**Assignment**
Find the line containing "Kids / Girls Skirt & Scarf Set-Floral" in the listing below. Repeat it exactly, along with each following line up to and including the one containing "Strecuratoare pliabila pentru".

**Working data**
════════
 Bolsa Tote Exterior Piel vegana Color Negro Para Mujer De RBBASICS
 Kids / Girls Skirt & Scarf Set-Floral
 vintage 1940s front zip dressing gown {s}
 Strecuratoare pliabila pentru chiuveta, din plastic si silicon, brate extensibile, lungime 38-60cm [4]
════════
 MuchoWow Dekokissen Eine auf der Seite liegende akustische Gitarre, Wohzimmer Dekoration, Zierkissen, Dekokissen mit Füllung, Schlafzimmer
════════
**Result of this task**
 Kids / Girls Skirt & Scarf Set-Floral
 vintage 1940s front zip dressing gown {s}
 Strecuratoare pliabila pentru chiuveta, din plastic si silicon, brate extensibile, lungime 38-60cm [4]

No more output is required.